The scheme, run in collaboration with Jobcentre Sønderborg, will offer the six-month-long placements to help refugees arriving in Denmark the opportunity to become “active citizens in society”, said factory director Ole Carlsen.
“We want to help to take social responsibility and give a group of people to support themselves,” he said.
Since last December, the factory has taken on 86 disadvantaged interns who were either benefits claimants or immigrants and it has proved a huge success, said Carlsen. “Of the 86 who have gone through the courses, we now have the permanent 41, and they are good, knowledgeable staff.”
He said the company would continue to take on interns from these backgrounds as well as the new intake of refugees.
Kirsten Pauly, business consultant at Jobcentre Sønderborg and coordinator of the project said the scheme fulfilled the Jobcentre’s two core tasks: to get the unemployed employed, and to find companies the right staff.
She said the interns started work at 7am and did the same tasks as regular staff, but were also given Danish lessons alongside those on hygiene, safety and knife skills.
The first intake of refugees will start work on 26 October. “The goal is that we hire them if they are good enough,” said Carlsen.
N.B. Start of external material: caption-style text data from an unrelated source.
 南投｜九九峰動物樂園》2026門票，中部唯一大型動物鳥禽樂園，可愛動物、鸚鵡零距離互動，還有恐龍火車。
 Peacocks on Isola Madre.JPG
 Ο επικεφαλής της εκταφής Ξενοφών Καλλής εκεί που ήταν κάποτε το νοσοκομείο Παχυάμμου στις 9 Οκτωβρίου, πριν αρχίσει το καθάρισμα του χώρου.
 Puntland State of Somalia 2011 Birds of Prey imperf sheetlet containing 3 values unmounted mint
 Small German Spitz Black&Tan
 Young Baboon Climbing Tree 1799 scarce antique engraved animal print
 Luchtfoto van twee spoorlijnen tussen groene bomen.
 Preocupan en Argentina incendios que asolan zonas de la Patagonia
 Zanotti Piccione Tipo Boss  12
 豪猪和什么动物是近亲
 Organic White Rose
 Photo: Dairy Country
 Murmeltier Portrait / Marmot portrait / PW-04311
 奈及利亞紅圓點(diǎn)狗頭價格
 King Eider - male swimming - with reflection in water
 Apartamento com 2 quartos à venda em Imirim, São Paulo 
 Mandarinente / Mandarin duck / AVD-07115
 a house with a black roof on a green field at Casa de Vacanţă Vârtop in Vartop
Denmark has so far taken in around 11,000 Syrians fleeing war and poverty. After Germany and Sweden, which have respectively taken in nearly 100,000 each, Denmark is one of the biggest re-settlers of refugees and asylum seekers in Europe. So far, nearly half a million people have arrived in Europe as refugees and migrants by sea in 2015, according to UNHCR, the United Nation’s Refugee Agency.